SEATTLE — Nearly a decade ago, the Kent School District was praised by parents, students and civil rights groups for a bold plan to end racial discrimination and train staff members to handle cultural differences.Today, the district is threatened with lawsuits from parents of 12 black students. The parents say their children were manhandled and handcuffed by school security officers.
The stark contrast is emblematic of how schools nationwide have struggled to implement diversity programs, experts say.
Kent School District Superintendent Barbara Grohe has named a retired Army general to lead a committee investigating the district’s security practices, and a former Grant County sheriff will probe the incidents.
The choice of disciplinarians as investigators has angered the National Association for the Advancement of Colored People, which is behind the threat to file nearly $40 million in lawsuits on behalf of the 12 students.
Carl Mack, president of the Seattle chapter of the NAACP, said the district’s handling of the issue has been an “insult to the field of education.”
“Are you running a penal institution, a military school … or are you running an education system?” Mr. Mack said.
The panel, led by retired Brig. Gen. Julius F. Johnson, will present its final report in mid-May.
The district, like others nationwide, has had a growing minority population, but critics contend that Kent is not adapting.
“If they had followed through with the original recommendations and implementation strategies, they would have never found themselves in the situation they’re in today,” said Ray Lee, a Kent parent and member of the district’s first diversity task force, which met in 1995.
Researchers say countrywide efforts to address cultural differences in schools have taken a back seat to funding struggles and federal mandates to improve student test scores.
Benjamin Baez, associate professor of educational-policy studies at Georgia State University, said educators often are expected to improve test scores and “uneducate people about racism and make them better workers,” despite the loss of funds for programs that would help achieve the goals.
“Now, when we talk about diversity training, we’re talking as much about closing the achievement gap as we are about discipline procedures,” Miss Grohe said.
In claims filed last month by the NAACP, 12 black students, from ages 11 to 17, say they were the victims of excessive force by school security officers.
One student, 13-year-old Sierra Douglass-Swanson, says she was grabbed by the hair and thrown to the ground, then a security officer’s knees pressed into her back as her arms were wrenched behind her and handcuffs put on.
Sierra acknowledges flailing her arms and kicking her legs in an attempt to get free from the guard.

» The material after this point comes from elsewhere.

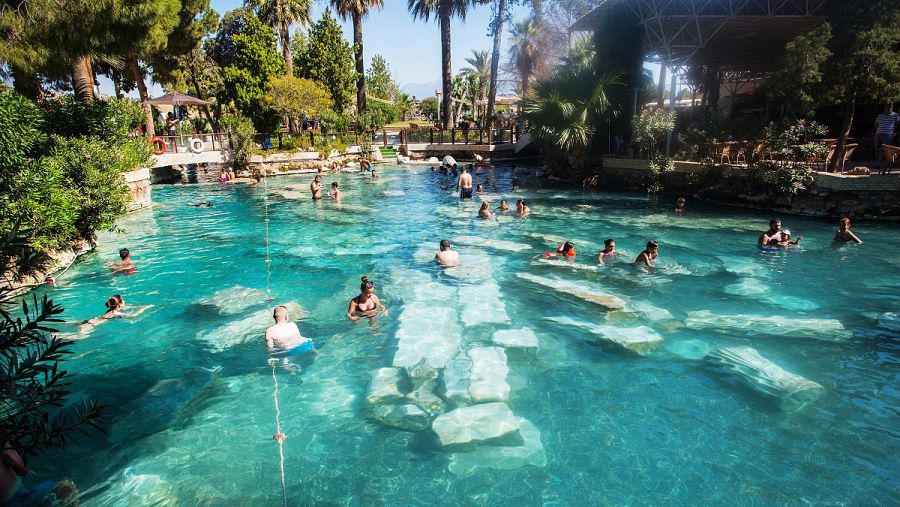 Piscina natural en la ciudad antigua de Hierápolis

She was charged with assault, placed in juvenile detention overnight and expelled.
At the district’s Cedar Heights Junior High School in Covington, 38-year-old security officer Elmer Burst said he has used his handcuffs once since coming to work for the district in August.
Mr. Burst, who is black, said he’ll do what he can to prevent any student from being harmed.
“If that means using restraints, I’ll do it,” he said.
The threat of a lawsuit by two black parents who said their children were harassed by white students triggered the creation of the Kent district’s diversity council in 1995, former co-chairwoman Barbara Phillips said.
That committee made dozens of recommendations, including nonviolent crisis-intervention training for staff and improving discipline records to monitor for racial discrimination.
Miss Phillips said she’s disappointed with the response.
A curriculum audit released in 1999, the year Miss Grohe took over as superintendent, found that the district was slow to follow certain directives. Tasks such as analyzing discipline reports for possible discrimination patterns were more than a year overdue.
Today, all employees must undergo diversity and cultural sensitivity training, district spokeswoman Becky Hanks said.
During the 1989-90 school year, minorities in the school district made up nearly 15 percent of the student population. Today, they constitute about 35 percent.
And although blacks account for more than 10 percent of the district’s 26,400 students, they represent about 59 percent of students disciplined since September, according to district security reports.
“The numbers show there is a disparity. It’s really clear that it’s based on race, and the race is black,” said Joyce Harris, director of the Equity Center for Northwest Regional Educational Laboratory in Portland, Ore.